Ci si arriva, per esempio, attraversando l’Arno a Ponte Vecchio, e dopo qualche centinaio di metri lungo il fiume inerpicandosi lungo strade che hanno il fascino tipico dell’Oltrarno, quello tranquillo del “via dalla pazza folla”.

Qui da qualche anno è il regno di Filippo Saporito, chef della Leggenda dei Frati. Di famiglia siciliana, senese di nascita e appartenente alla scuola di Gaetano Trovato dell’Arnolfo di Colle Val d’Elsa, grazie a caparbietà e verve comunicativa è riuscito a strappare alle arcigne autorità e sovrintendenze l’autorizzazione per gestire un po’ di verde, almeno per le erbe aromatiche (“ma niente fiori!”, gli hanno detto: e vaglielo a spiegare che inflessibili leggi della Natura prevedono che anche il timo e il rosmarino fioriscano) o per qualche sfizio divertente come la Mertensia Maritima, le cui foglie sanno di mare.

Dentro, arredi di essenziale e leggera eleganza e una cucina dalla tecnica impeccabile al servizio di sapori netti, precisi e mai sopra le righe, accompagnata di un’estetica dei piatti affascinante, con tocchi di ironia e originalità. Come dimostrano subito i “benvenuto”, espressioni in forma mignon di prodotti tipici (la madeleine al formaggio Asiago, il cannolo di ricotta, la crema di lardo in forma di testa di maiale, la gota cotta di Colle Val d’Elsa…) e di elaborazioni della tradizione (l’immancabile pappa al pomodoro, la sfera di ribollita, la panella, il baccalà…).

Per iniziare veramente, ecco il Baccalà, patate, porro, rosmarino, un abbinamento classico e qui variato grazie a crocchette, salse, chips.

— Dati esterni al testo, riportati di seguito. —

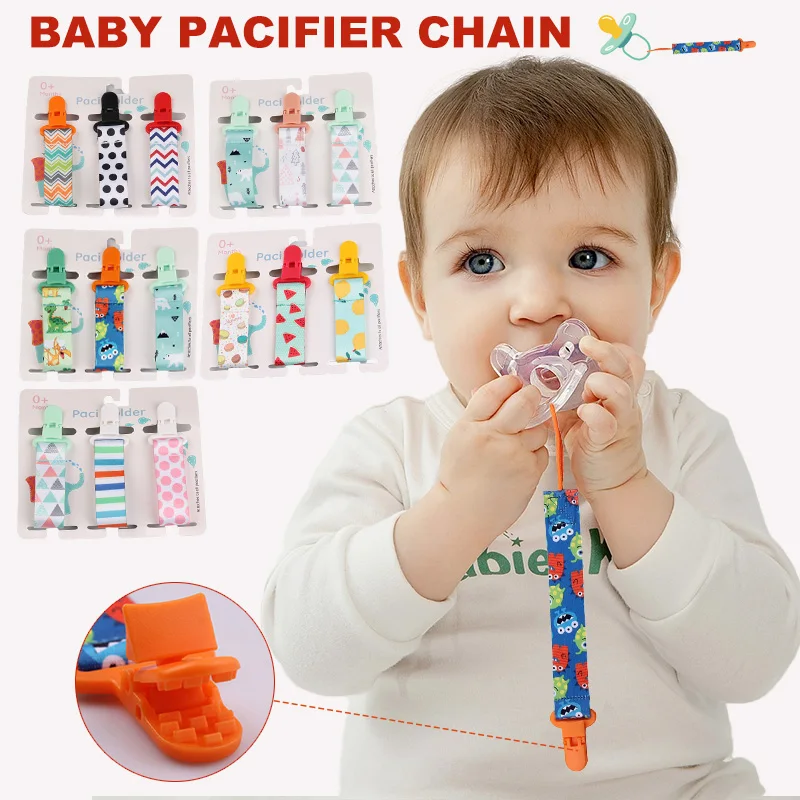 3 teile/satz Baby Schnuller Clip personal isierte Schnuller Kette Dummy Clip Nippel Halter für Baby Cartoon Print Kinder Schnuller Clips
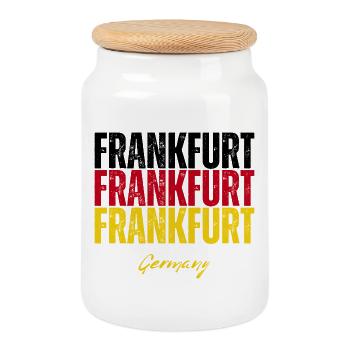 Francfort, Allemagne, un souvenir de Francfort - Boîte à biscuits avec couvercle en bois - blanc - Devant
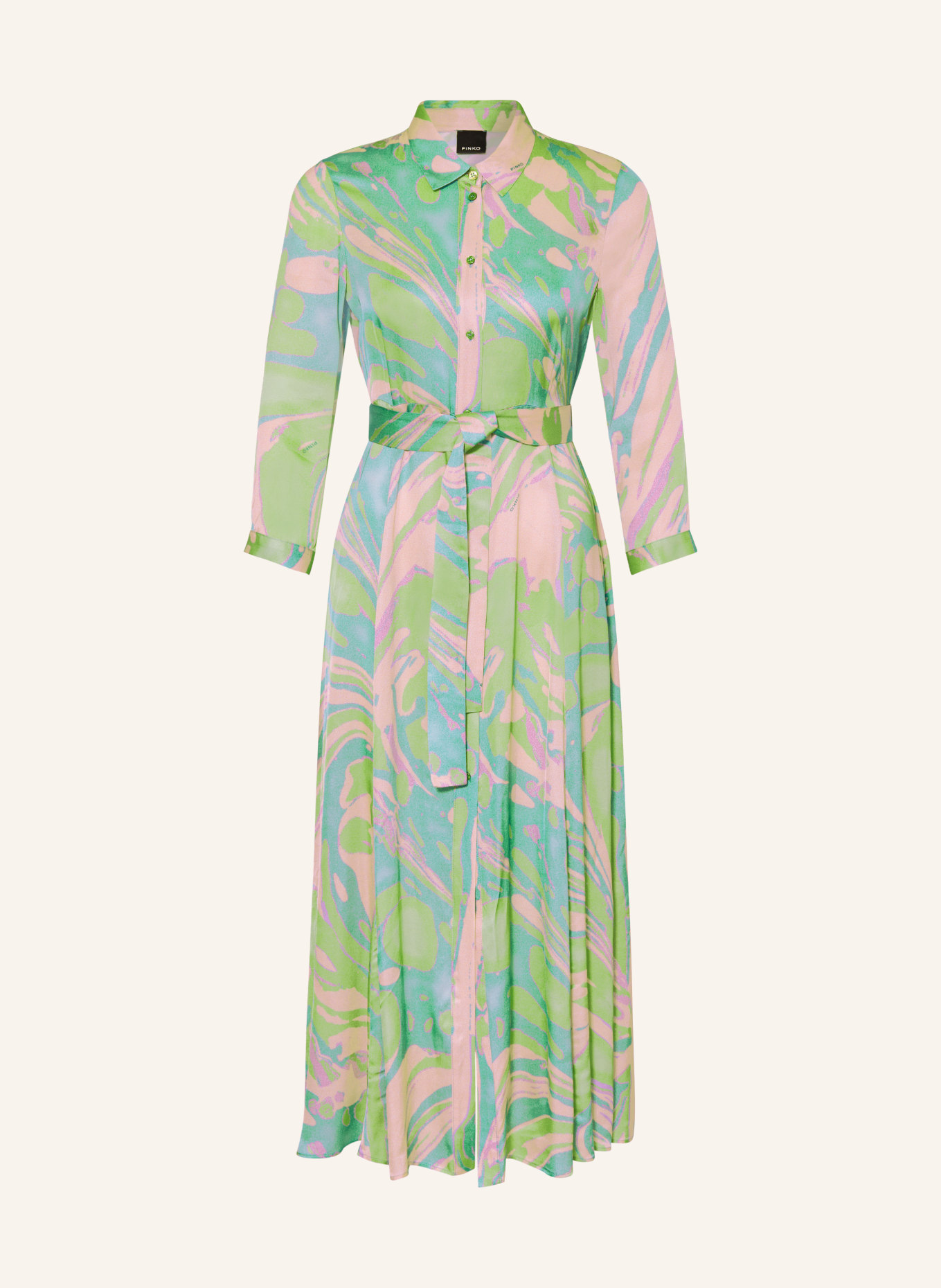 PINKO Shirt dress SUSHI with 3/4 sleeves, Color: GREEN/ LIGHT GREEN/ PINK (Image 1)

Poi, il Sedano alla pratese, un piatto della tradizione ampiamente rivisitato e con un titolo spiazzante perché dedicato ad un ortaggio che qui in realtà accompagna “in due versioni” ravioli ripieni di vitello e mortadella di Prato: avvolgendoli in un abbraccio verde e “alleggerendone” in forma di spuma il ripieno di vitello e mortadella di Prato.

Eleganza senza eccessi di sapidità nel Manzo, asparagi cotti e crudi, salsa di alici, dove gli asparagi tagliati in lunghezza donano freschezza e piacevole croccantezza ad un piatto equilibrato e impreziosito da una carne di qualità stratosferica.

Infine, la Cupola del Brunelleschi, un richiamo alla città e alle sue architetture rinascimentali. E’ quasi un omaggio alla cucina casalinga nel quale fa da protagonista una ricotta che, abbinata ad amarene e cioccolato, dona a questo dessert consistenza piena e “goduriosa” e toni giustamente (e deliziosamente) dolci.